Why, deep down, do we love? What is the source of love, its meaning, its object? Why do we experience the birth of love one day, and its death another? Why, deep inside us, does our love for our parents and our children endure? How do we love? Why, deep down, do we love?
Life teaches us to learn, to suffer injury, to get to our feet again, to mature. Life is revelation; and when our hearts and our intelligence turn toward His revelation, we can grasp something of the meaning, the mystery, and the meaning of this mystery. There are many ways to love: The Most Caring One offers us love through the very essence of our nature, and invites us to continue our search for the love of our fellow creatures, for Creation, for His love.
There are several ways to love: we can love ourselves out of egocentrism or egotism; out of self-obsession to the point of self-importance and arrogance. How natural a love…and how dangerous. To see the world through ourselves alone: to love ourselves as if we alone existed, and, at the core of this mysterious paradox, to love ourselves to the point of oblivion.
To love our mothers, our fathers, our husbands, our wives, our daughters, our sons and, our senses dulled by habit, learn nothing from our love for them except when accident or absence strike. To become indifferent in the face of familiar presences. Isn’t it a curious paradox? To be blinded by too much seeing. To lose meaning because we are overwhelmed, drowned, carried away by the endless repetition of daily life.
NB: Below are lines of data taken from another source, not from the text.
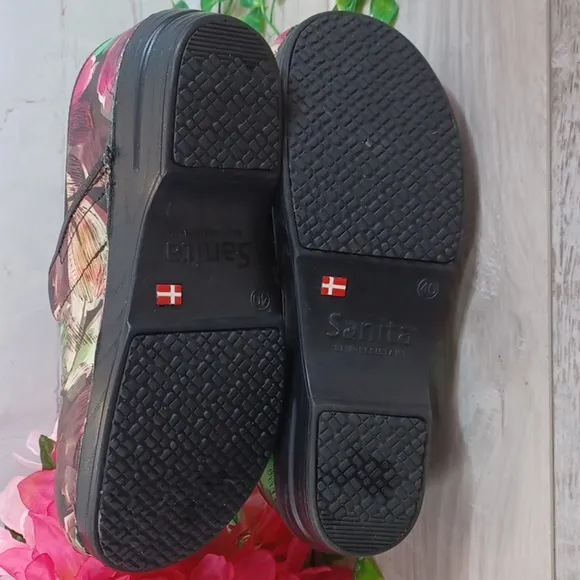 Sanita Slip Resistant Shoes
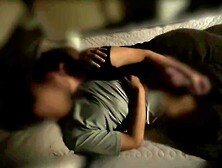 56 Before going to bed,  I will cure your fatigue... devoted wife to make you cum with dirty talk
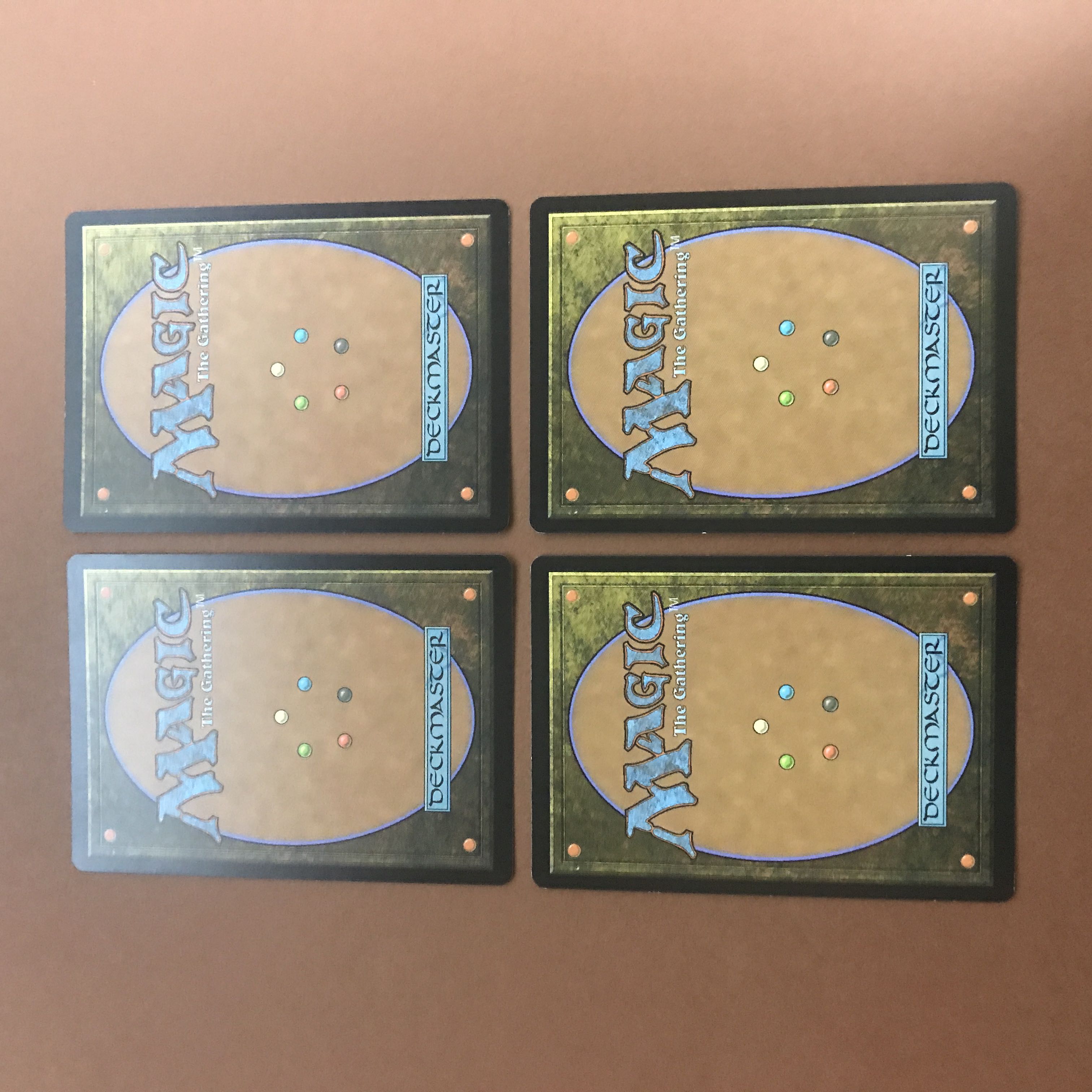 不屈の独創力　4枚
To observe our friends, our fellow human beings, our world, and to ask of our heart: why you? Why should you be loved? For your appearance? For your qualities? For your tastes? To love as we feel, because we so “genuinely” feel. The fire at first, the ashes when all is done… destroyed by betrayal, by flaws, by wounds inflicted. Love that blinds; separation in the glare of hindsight. Another paradox: the glowing coals that are the warmth of our loves, and the infinite burn of our suffering.
To learn to love. Such is the message of all spiritual disciplines. We may love to love ourselves, our neighbours, the universe; we may love to move beyond the self, our own and that of our neighbours; our own and that of the universe. In nearness to the Divine we learn that we must seek, initiate ourselves, tear asunder, give new form, break off and renew. To seek out the meaning of our loves; to initiate ourselves into the secrets of hope and not stop when proof of our qualities lies before us; to break down ego and appearance; to give form to the gazing eyes and all they ask for; to make new the light in the heart and in the eyes and, as when we fast, to learn to break the fast the better to begin again. To be two, with ourselves, with God, with you… a gift, a time of testing, a period of hardship, of hoping.
Near to you or without you. Why do we love? Why do we break apart? Why, indeed? On our journey, we must learn that His love like ours, that our encounters like our separations, are acts of initiation: we can love a parent, a being, his beauty, his qualities; we can love what is and, in the end, know only hurt and suffering. Over and above what exists, we can learn to love the horizon that unites us. To move beyond ourselves for His sake, to seek together the pathway that leads to His light… to love the meaning, the road travelled as much as we love the destination, and our fate. It is constant effort, this jihad of love. To lift up our eyes before us and learn to love, and with that love, find freedom. To move beyond ourselves, to free ourselves from the loves that bind and imprison us: those “ended” loves, sometimes idolatrous, sometimes misleading, and so near to our animal nature. An infinite task, one never to be completed; a task filled with sorrow, with hurt and tears. Here, on this earth, lies one truth: he who truly loves must learn to weep. Life. Love, and life.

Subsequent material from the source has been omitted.